### [Required action]
Each line of data below must be printed exactly as written, with any pictures removed.

### [Given data]
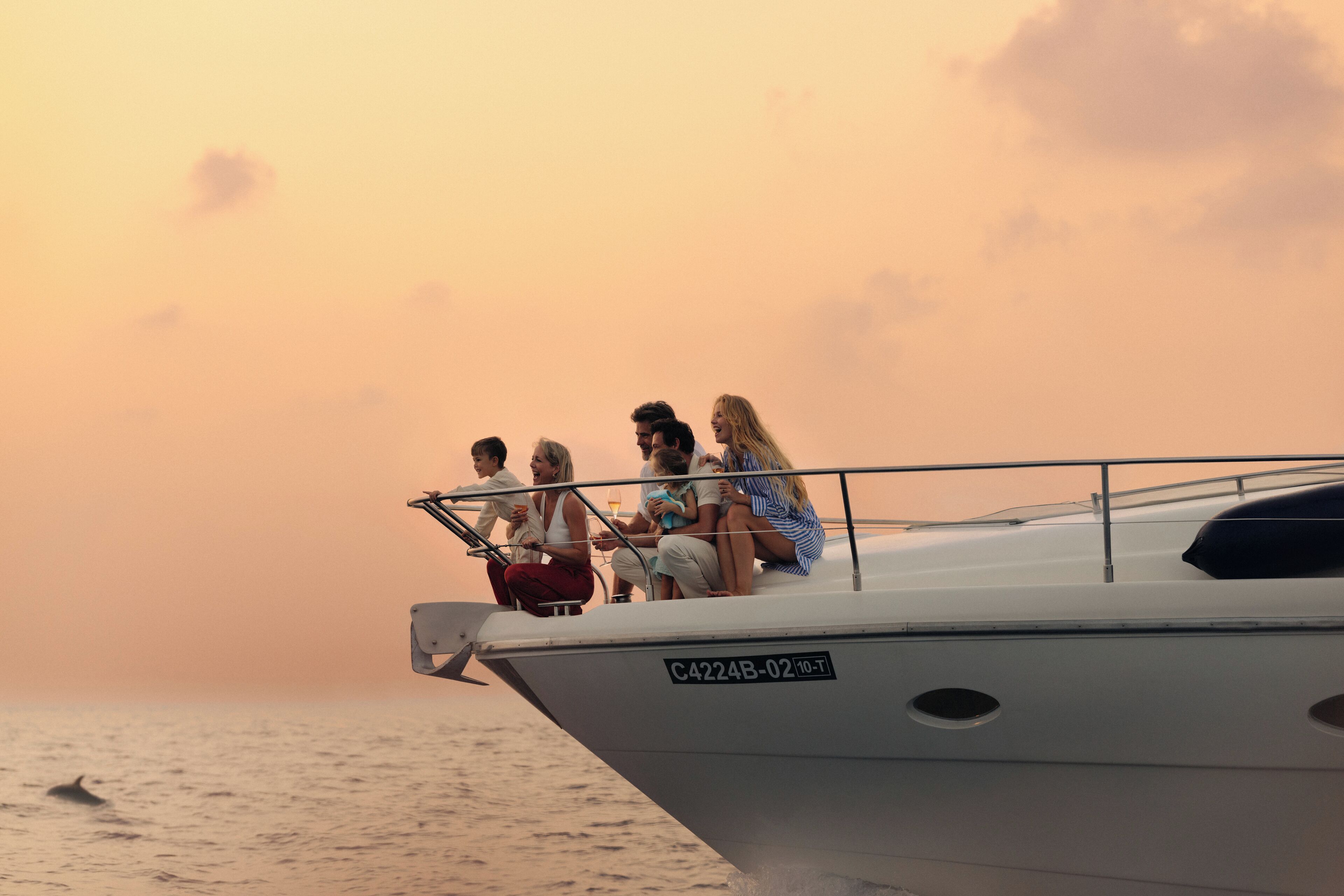 A group of people on a boat with a registration number C4224B-02-10-T.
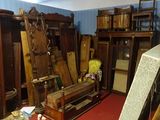 a room with a lot of old furniture and a red carpet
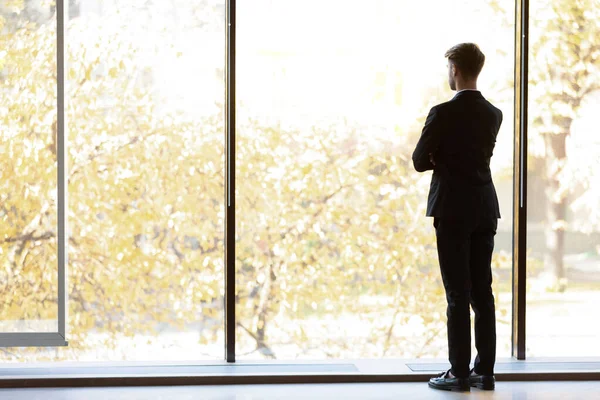 Back view of businessman look in distance thinking — Stock Photo, Image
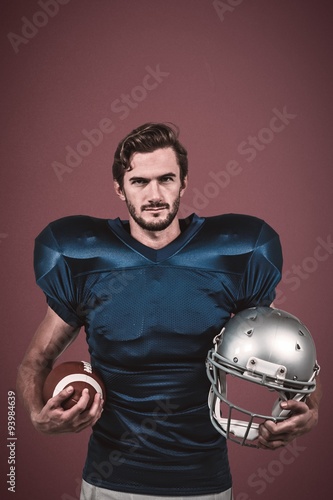 Confident american football player holding helmet and ball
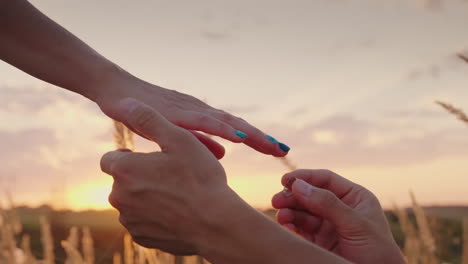 man placing engagement ring on finger in slow motion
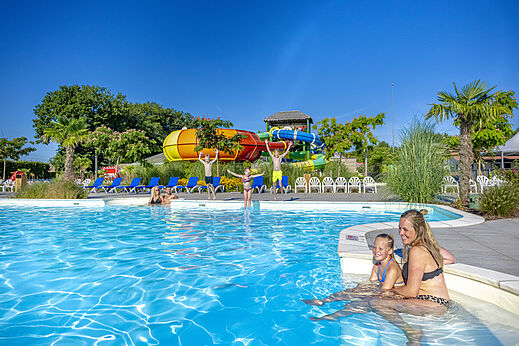 Piscina exterior, toboganes acuáticos coloridos en el camping CAPFUN De Fruithof en Klijndijk.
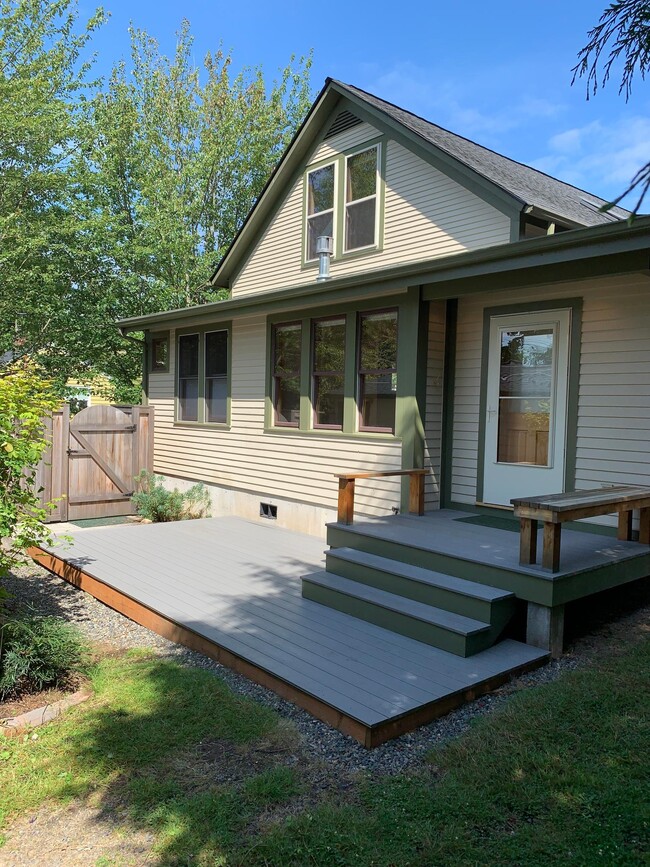 Private entrance through gate to multi-level deck. - 701 N 76th St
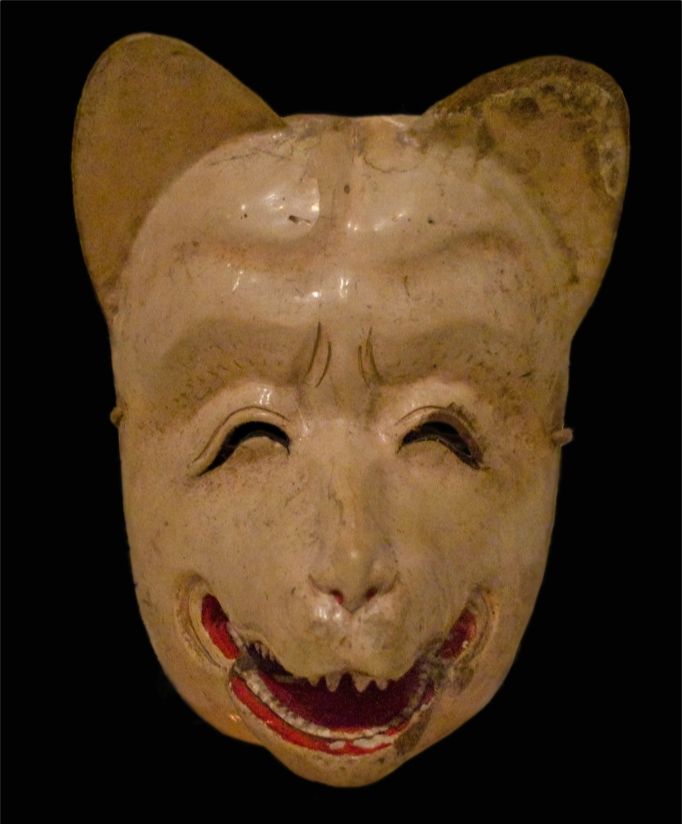 White, smiling Kitsune mask with open mouth showing red inside. Features pointy ears and closed eyes.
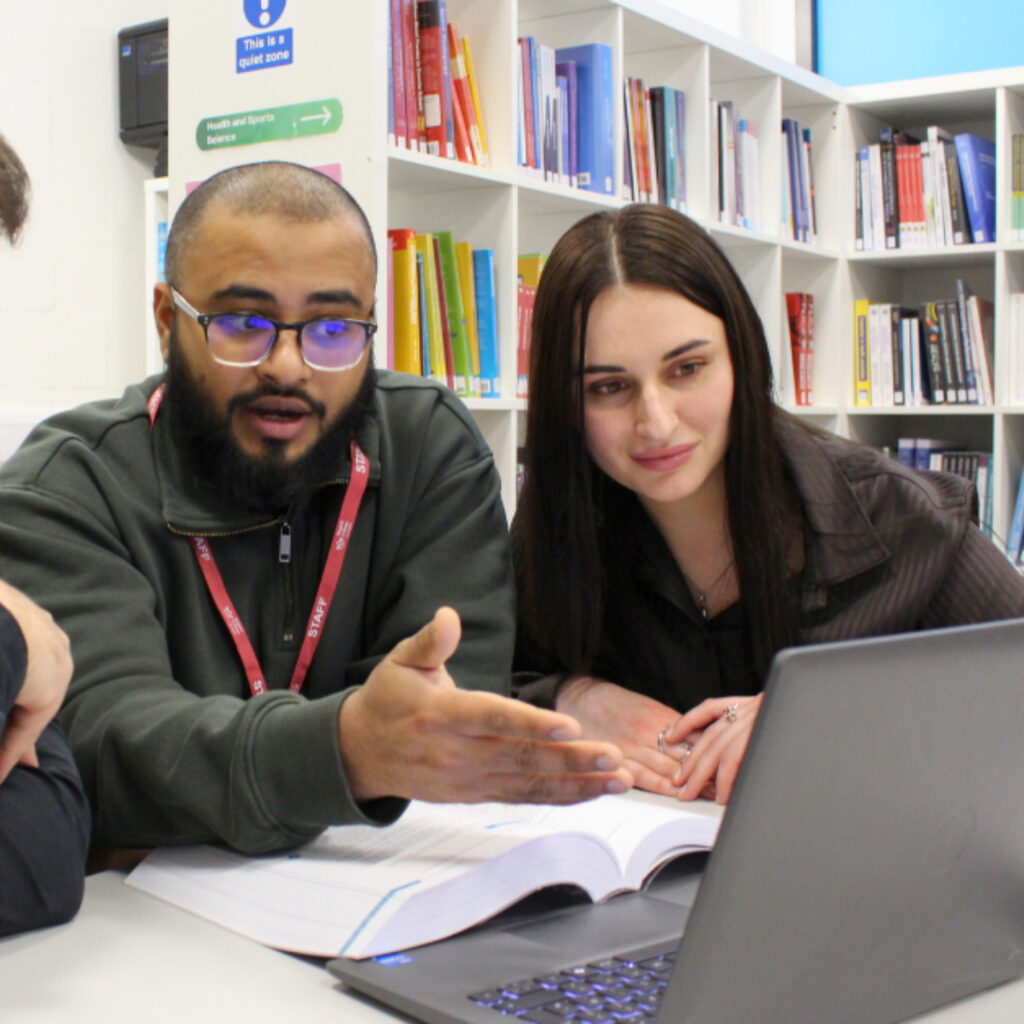 An RCL staff member speaks to RCL students in the library.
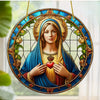 A circular acrylic suncatcher featuring a depiction of the Virgin Mary with a halo and roses.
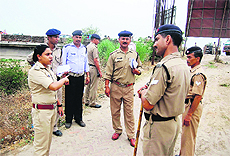 Circle officer Shah Jahan Khan gives instructions to police personnel ahead of the Kanwar fair in Haridwar on Tuesday. 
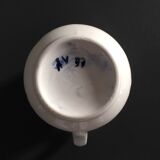 Signed floral decoration pitcher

### [Response]
 A group of people on a boat with a registration number C4224B-02-10-T.
 a room with a lot of old furniture and a red carpet
 Back view of businessman look in distance thinking — Stock Photo, Image
 Confident american football player holding helmet and ball
 man placing engagement ring on finger in slow motion
 Piscina exterior, toboganes acuáticos coloridos en el camping CAPFUN De Fruithof en Klijndijk.
 Private entrance through gate to multi-level deck. - 701 N 76th St
 White, smiling Kitsune mask with open mouth showing red inside. Features pointy ears and closed eyes.
 An RCL staff member speaks to RCL students in the library.
 A circular acrylic suncatcher featuring a depiction of the Virgin Mary with a halo and roses.
 Circle officer Shah Jahan Khan gives instructions to police personnel ahead of the Kanwar fair in Haridwar on Tuesday. 
 Signed floral decoration pitcher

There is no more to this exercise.